C’est de cette ambition que voudrait participer le présent dossier12 en se penchant d’abord sur les transformations qui affectent le travail intellectuel, le renouvellement de ses formes, les différentes modalités de circulation des idées dont elles témoignent et les pratiques collectives de travail qui les sous-tendent. Mais il s’agit aussi de prendre la mesure des forces de contestation qui pèsent sur lui aujourd’hui, des ressorts nouveaux de l’anti-intellectualisme à l’accusation de militantisme de plus en plus fréquemment faite aux chercheurs en sciences sociales, tandis que certains pouvoirs autoritaires n’hésitent plus à attaquer, à visage découvert, les libertés de pensée et d’expression que l’on croyait acquises. Prendre au sérieux ces menaces, c’est aussi affirmer l’horizon d’une certaine éthique du travail de l’esprit pour aujourd’hui – inventif, engagé, responsable et collectif – qui est au cœur du désir de poursuivre l’aventure d’une revue d’idées indépendante.
Notes :
1. Voir Thomas Golsenne, « L’affaire Druet vs Cattelan : l’art est-il un travail ? » [en ligne], AOC, 15 juillet 2022.

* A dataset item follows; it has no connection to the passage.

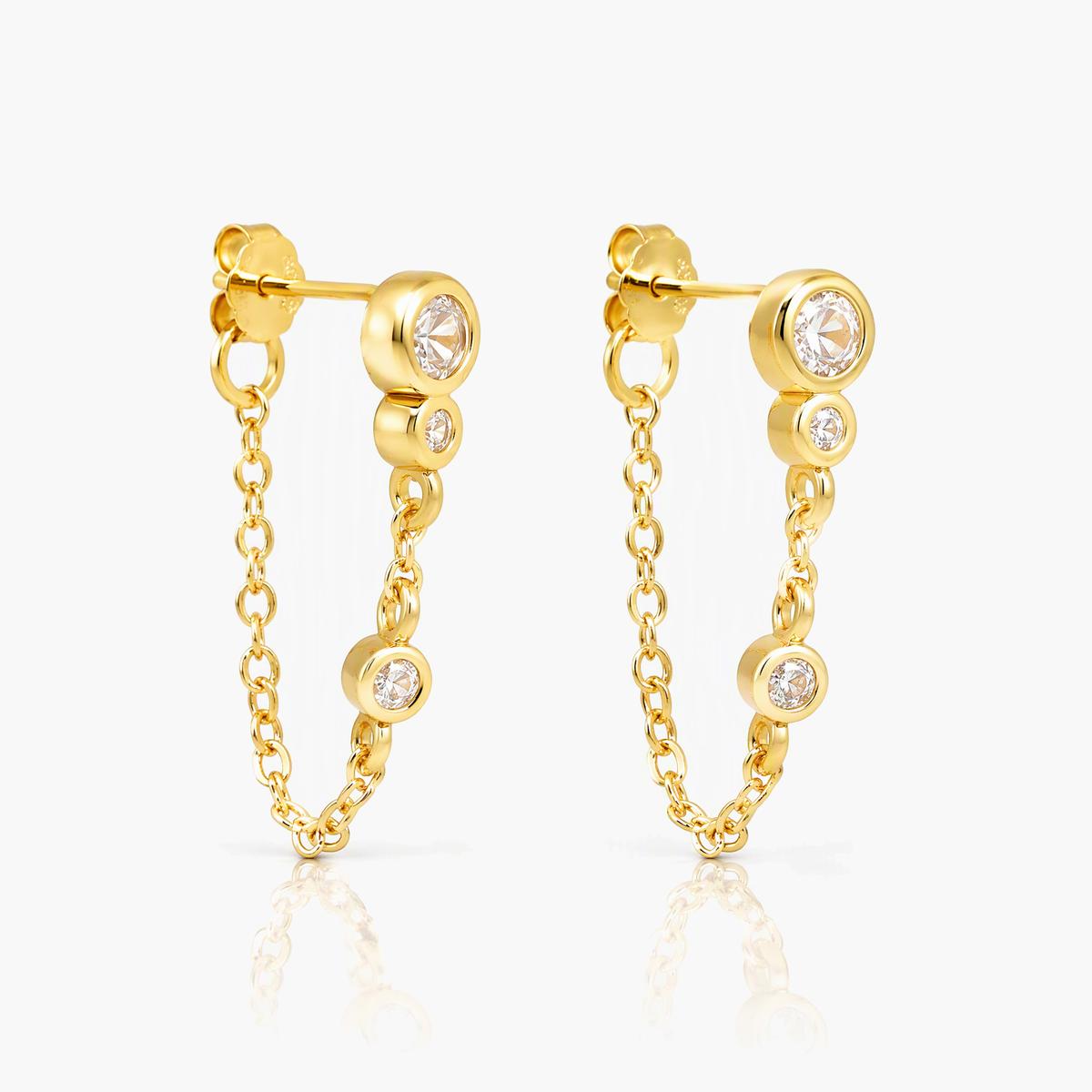 Dainty Chain Drop Stud Earrings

2. Voir Emmanuelle Jardonnet, « La justice donne raison à Maurizio Cattelan contre Daniel Druet », Le Monde, 8 juillet 2022.
3. Leonard de Vinci, Traité de la peinture, éd. André Chastel, Paris, Calmann-Lévy, 2003, p. 57.
4. L’expression « chose mentale » est attribuée à Vinci, bien que le mot « chose » n’apparaisse pas dans le Traité de la peinture.
5. Alberto Giacometti cité par Jean-François Billeter, Bonnard, Giacometti, P., Paris, Allia, 2023, p. 29.
6. Claude Esteban, Par-delà les figures. Écrits sur l’art, 1964-2006, éd. Xavier Bruel et Paul-Henri Giraud, préface de Pierre Vilar, Strasbourg, L’Atelier contemporain, coll. « Essais sur l’art », 2024, p. 404.
7. Le secteur tertiaire emploie 77 % des personnes en emploi en France en 2022 selon l’Insee.
8. Barbara et John Ehrenreich, “The professional-managerial class”, Radical America, vol. 2, no 11, mars-avril 1977, p. 7-31.
9. Alex Press, “On the origins of the professional-managerial class: An interview with Barbara Ehrenreich” [en ligne], Dissent, 22 octobre 2019.
10. Carl Benedikt Frey et Michael A. Osborne, “The future of employment: How susceptible are jobs to computerisation?”, Technological Forecasting and Social Change, vol. 114, janvier 2017, p. 254-280.
11. Jacques Julliard et Michel Winock, « La fin des intellectuels ? », Esprit, mars-avril 2000.
12. Ce dossier a été coordonné avec Emmanuel Laurentin, la rédaction le remercie. Merci également à Rémi Baille pour son aide.